Bought a pair of the mud dogs with the rubber bottom....leaked.  took them back to the store, exchanged them......leaked.

I'll hunt and work in flip flops before I buy another pair of Rocky boots!


----------



## jbdial1515 (Oct 1, 2007)

If you notice the pattern here, it was mainly the bearclaw/cornstalker series of boots that Rocky had problems with.  

There was a period of time many years ago where they had sole problems and did not realize it.  For several years, they were replacing all of the boots that were returned but I do not think they are doing this anymore since most of the problematic boots were manufactured during the late 90's and possibly early 2000's.


----------



## whitworth (Oct 7, 2007)

*Once upon a time*

back in the 90's had a good pair of Rocky's.

With all the negatives seen by others, moved on to a very satisfactory boot.  

I'm a repeat customer, unless things change.  

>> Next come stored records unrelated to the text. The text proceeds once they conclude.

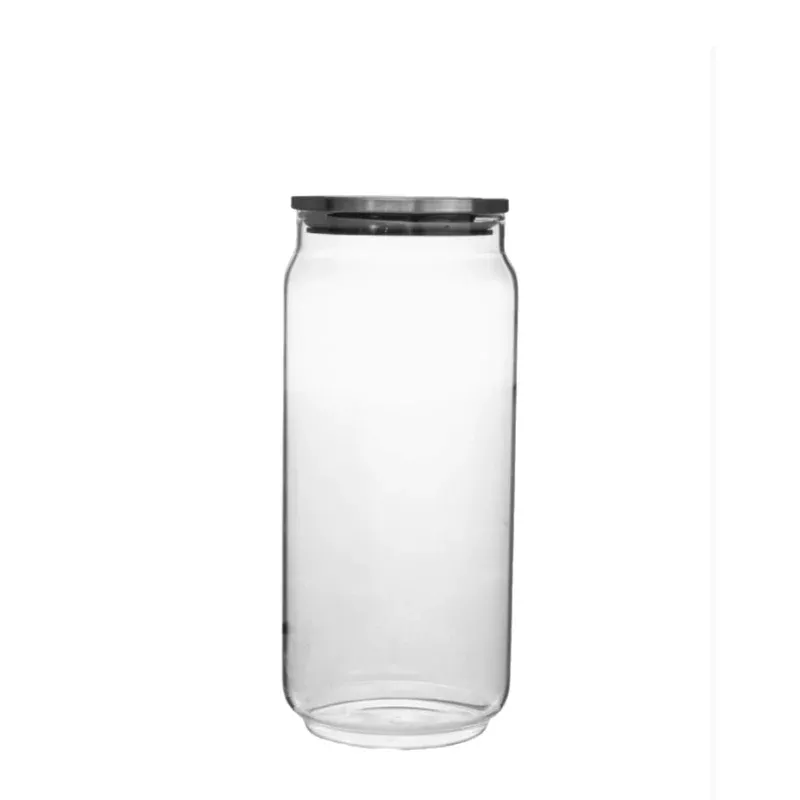 glass-beveled-canister-silver-lid-34oz Glass Beveled Canister Silver Lid 34oz.
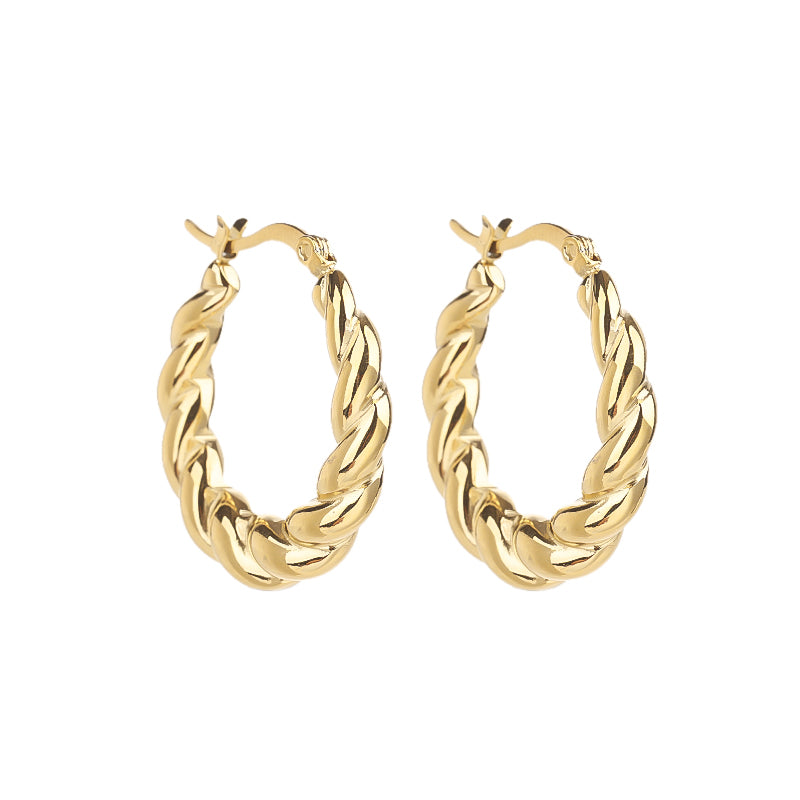Stainless Steel Hoop Earring for Women Hypoallergenic Jewelry for Sensitive Ears Large Big Hoop Earrings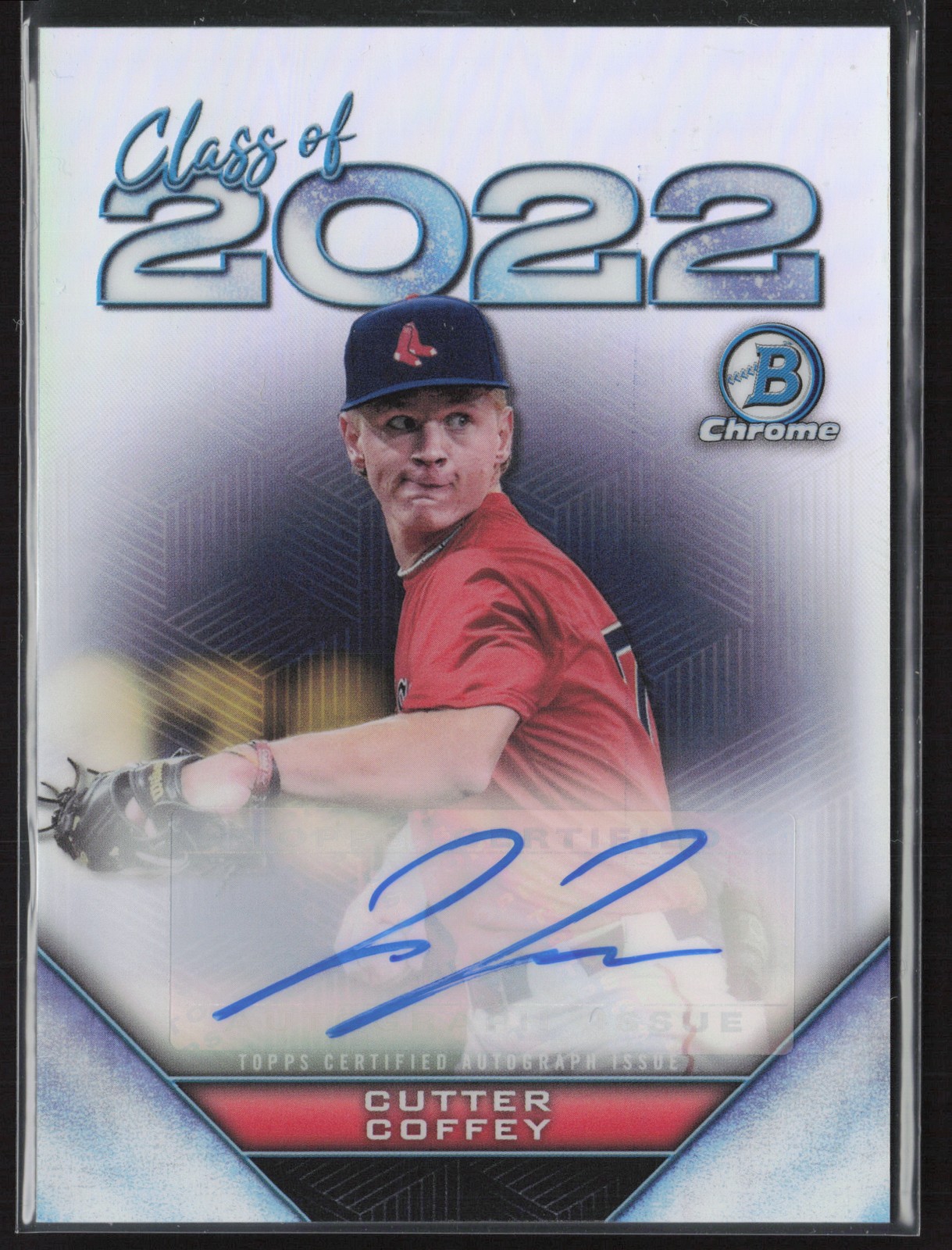 Cutter Coffey 2022 Bowman Draft #C22A-CC Class of 2022 Autographs Auto #/250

Thanks for the observations made a couple of years ago.


----------



## mello_collins (Oct 7, 2007)

Had two diff pair. Both had problems, either the sole or the insulation coming apart. Pure junk. Bought Irish Setters and have not looked back.


----------



## Bone Collector (Nov 11, 2007)

I guess I got lucky! I've got a pair of Rocky Wildcat boots with 500 gram Thinsulate insulation. I bought these boot for $60-$70 and have used them a lot for the past 9 years or so. They're still going strong and have not leaked yet.

BC


----------



## KKirk (Nov 12, 2007)

I got my bearclaws probably back in 92, they lasted until around 2003-2004.  They were the best boots I've ever had.  I was kinda upset that the soles started falling apart.  It was like that the soles were dry rotted.  But they lasted over a decade, maybe I could send them back to be re-soled.


----------



## dixie (Nov 12, 2007)

KKirk said:


> I got my bearclaws probably back in 92, they lasted until around 2003-2004.  They were the best boots I've ever had.  I was kinda upset that the soles started falling apart.  It was like that the soles were dry rotted.  But they lasted over a decade, maybe I could send them back to be re-soled.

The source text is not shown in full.